Well, today is another day and it’s time for me to share with you the ways I work on my speaking voice in order to make my spoken poetry the best it can be.

As I said the other day I not only learn my poems by heart, the speaking is an important part of composition.  How do you know whether a line is right unless you say it aloud?  To me, writing without speaking is like composing music without playing it – you need to know what it sounds like.

For me the voice is key and I work on it like a singer.  I start with some vocal exercises (having done breathing exercises earlier as part of my yoga) which include going through all the sounds in the English language and practising some tongue-twisters.  Then at the moment I’m adding some overtone singing to the mix.  I just came across it and it’s amazing; you find a point in your voice where it actually starts singing in harmony with itself.  If you don’t understand what I mean neither do I really, but it’s a little bit like singing and running a wet finger round a glass at the same time.  Here’s a video about it:

I’ve been doing this for a week or two now and I think I can hear my own overtones but I’m not quite sure.  She recommends doing this in the shower as a bit of background noise helps you to hear it apparently.

When I’ve done my vocal exercises I turn to the actual poems.  It’s important that I refresh my oeuvre every so often because otherwise some poems will drop off the radar and I will forget them.  My aim is to have every poem ready for performance so that I have something for any occasion.  Usually I go through the whole book of recent poems and choose a few from my earlier book, either at random or following a theme, according to how I feel.

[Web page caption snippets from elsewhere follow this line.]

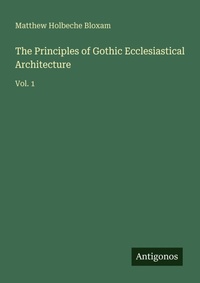 Enlarge image Cover: The Principles of Gothic Ecclesiastical Architecture - Antigonos Verlag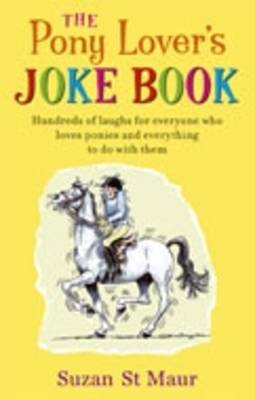 Book cover for The Pony Lover's Joke Book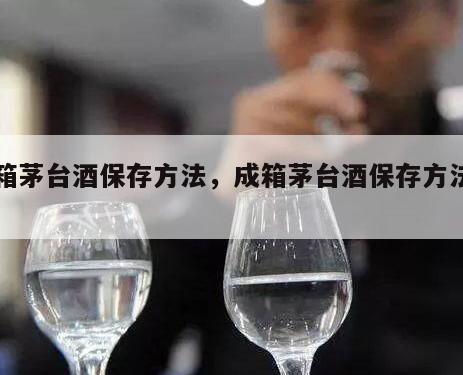 成箱茅台酒保存方法，成箱茅台酒保存方法图片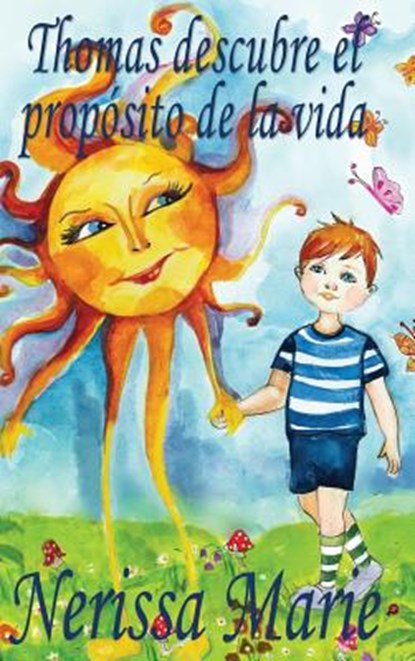 Thomas descubre el proposito de la vida (libro de ninos sobre el proposito de la vida, cuentos infantiles, libros infantiles, libros para los ninos, libros para ninos, bebes, libros infantiles, bebes), Nerissa Marie - Gebonden - 9781925647334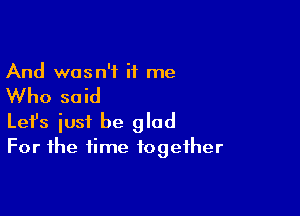And wasn't it me

Who said

Lefs just be glad
For the time together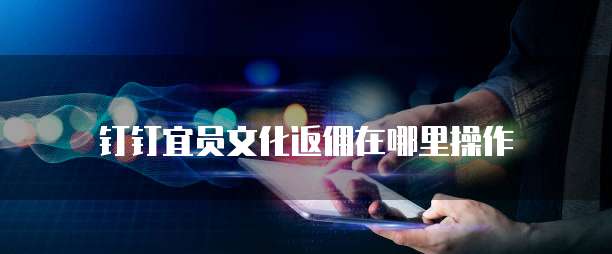 钉钉宜员文化返佣在哪里操作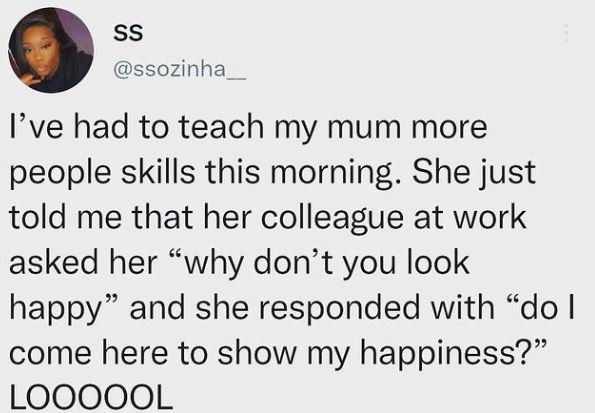 Ss ssozinha ive had to teach my mum more people skills this morning. she just to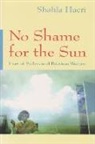 Shahla Haeri - No Shame for the Sun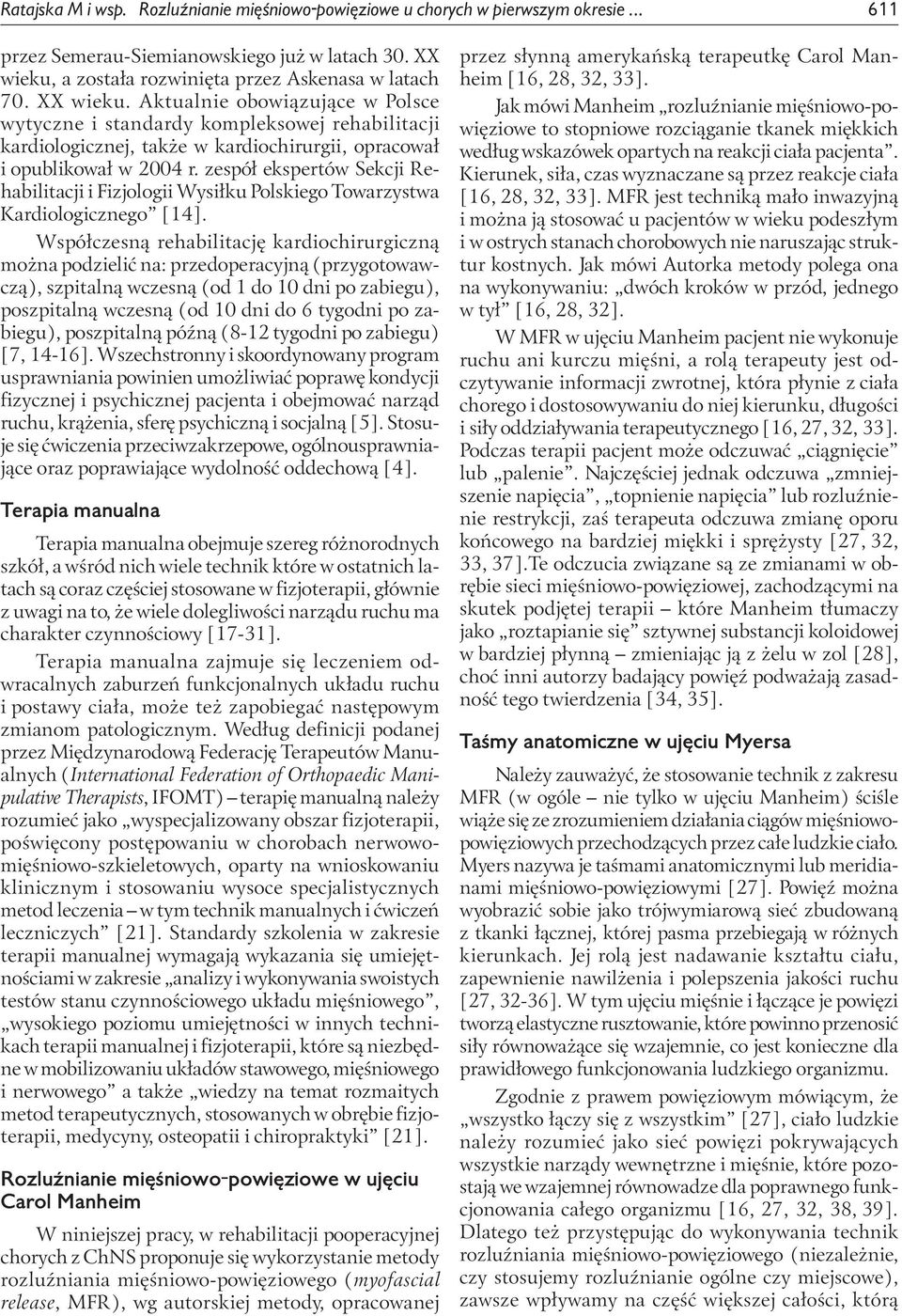 zespół ekspertów Sekcji Rehabilitacji i Fizjologii Wysiłku Polskiego Towarzystwa Kardiologicznego [14].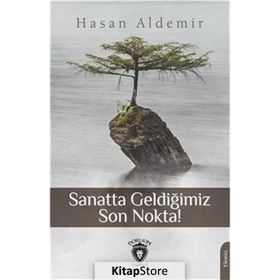 Sanatta Geldiğimiz Son Nokta - Hasan Aldemir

It’s hard to pursue the objective of absolute equality between page and verbal performance as people tend to put you in one category or another; like the publishers who returned my poems which I’d sent with the brief bio they requested.  The bio mentioned my performances and their comment was that the rhythm didn’t come across on the page.  I looked at those poems again as dispassionately as I could and I think they read the bio and made up their minds from there.

I have yet to encounter anyone who marries the page and stage with equal expertise: a case in point was a group I saw on Saturday night.  I ought to say at once that they were great; thoroughly entertaining and original (imagine the Sensational Alex Harvey Band doing poetry and you’ll get an idea.)  Led by poet Mark Gwynne Jones they were called Psychic Bread and were unlike any poets I’d ever seen.  And I feel very churlish saying this but in the light of today’s blog post I wonder how the poems come off on the page?  I’ve had a look but can’t find any in the public domain, so without buying a collection I can’t tell you.  But I wonder.

So there it is: there’s a huge gulf between those who write for the page and those who perform on the stage and it’s a very foolish person who tries to bridge it.